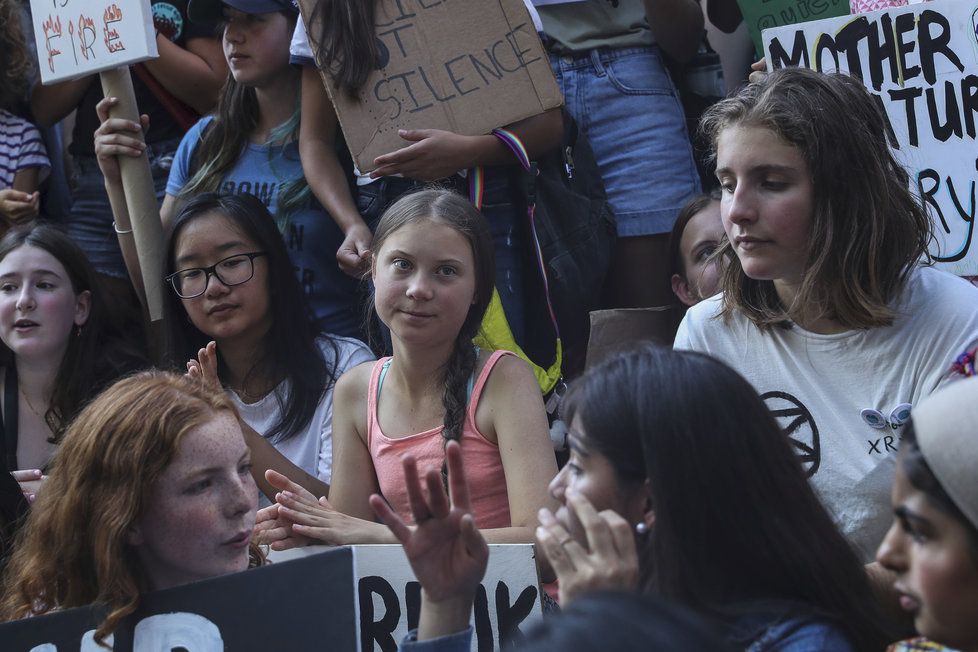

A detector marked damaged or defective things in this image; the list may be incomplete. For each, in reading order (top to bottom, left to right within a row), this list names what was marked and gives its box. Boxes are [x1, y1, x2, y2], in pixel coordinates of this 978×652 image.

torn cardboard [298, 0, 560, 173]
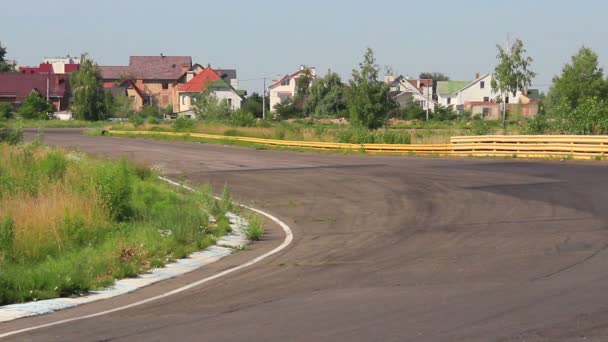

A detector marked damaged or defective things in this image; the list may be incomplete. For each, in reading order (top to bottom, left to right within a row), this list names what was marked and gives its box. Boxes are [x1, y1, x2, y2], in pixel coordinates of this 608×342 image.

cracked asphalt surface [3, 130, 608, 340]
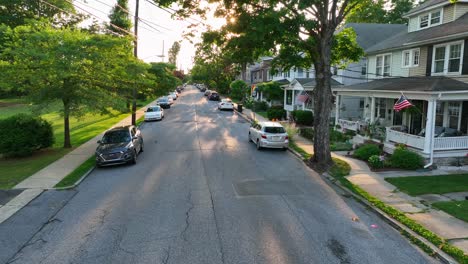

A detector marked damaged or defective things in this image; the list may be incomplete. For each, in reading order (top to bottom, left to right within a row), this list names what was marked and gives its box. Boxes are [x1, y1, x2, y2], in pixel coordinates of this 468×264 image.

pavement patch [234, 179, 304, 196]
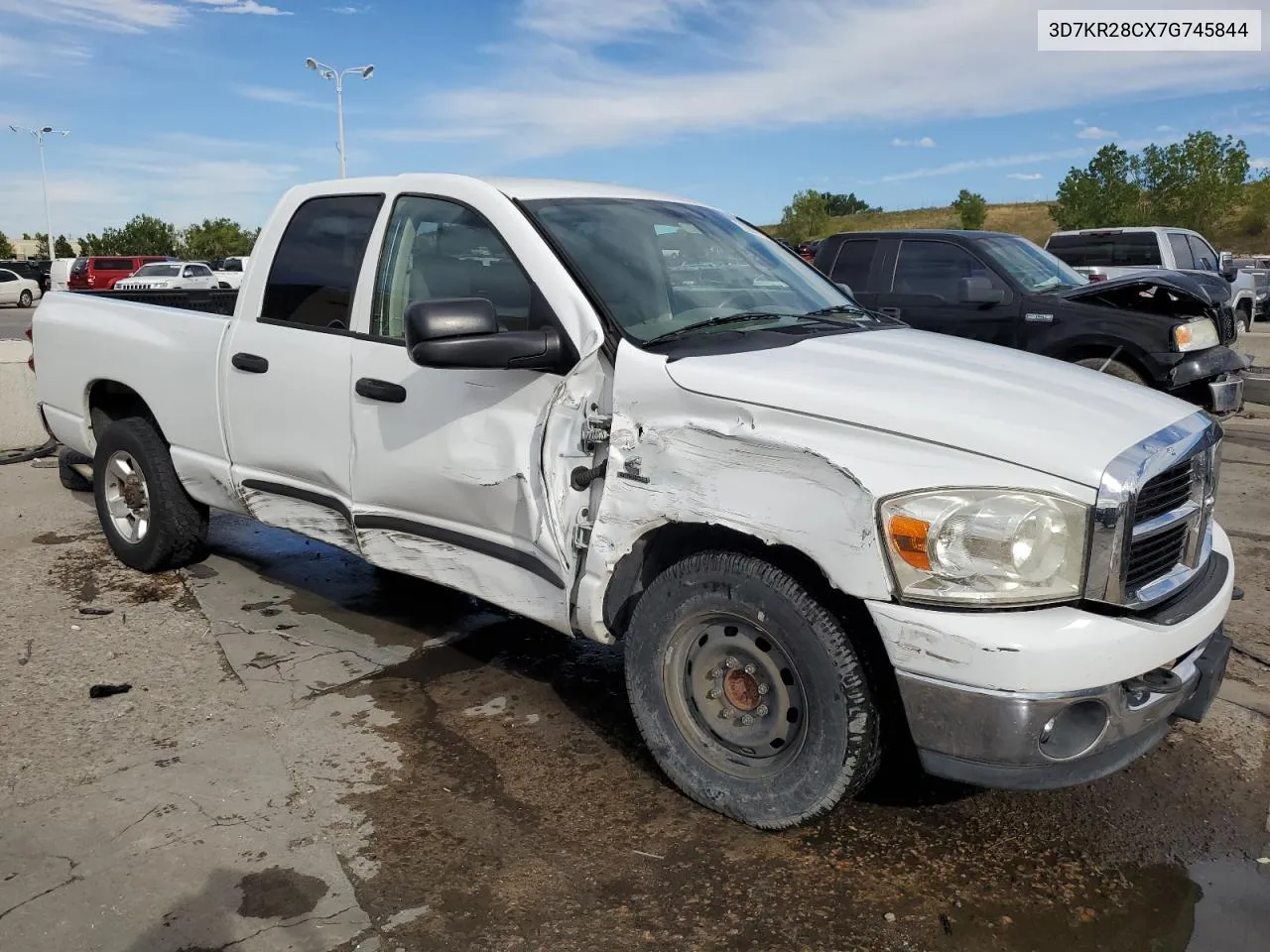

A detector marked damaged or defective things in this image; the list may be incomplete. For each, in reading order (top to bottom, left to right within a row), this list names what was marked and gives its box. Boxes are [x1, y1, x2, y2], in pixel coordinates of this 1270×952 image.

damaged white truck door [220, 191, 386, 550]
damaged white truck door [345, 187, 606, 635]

◆ **Prompt**
Pictures do not belong in the copy. Output all of the records exactly.

◆ **Exercise output**
A detector marked damaged or defective things in this image; the list may be incomplete. For each, in reading order (top to bottom, left to right within a row), this list names what was marked and gives its box. Boxes are [x1, y1, x2, y2], in pixel coordinates of this 978×652 image.

torn cardboard [298, 0, 560, 173]

A detector marked damaged or defective things in this image; the list may be incomplete. For each, in reading order (top to bottom, left to right within a row), this list names what was marked and gives its box. Boxes are [x1, y1, x2, y2], in pixel coordinates of this 608×342 image.

cracked asphalt surface [3, 130, 608, 340]

A detector marked damaged or defective things in this image; the list may be incomplete. For each, in reading order (top to bottom, left to right within a row), this list names what was marked and gives its box. Boxes are [x1, y1, x2, y2], in pixel coordinates of this 468×264 image.

pavement patch [234, 179, 304, 196]

A detector marked damaged or defective things in this image; the list may be incomplete. For each, in reading order (top to bottom, left to right within a row), this list names what was marked and gives its box. Boxes are [x1, y1, x2, y2], in pixel coordinates of this 1270×952 image.

damaged white truck door [220, 191, 386, 550]
damaged white truck door [345, 187, 606, 635]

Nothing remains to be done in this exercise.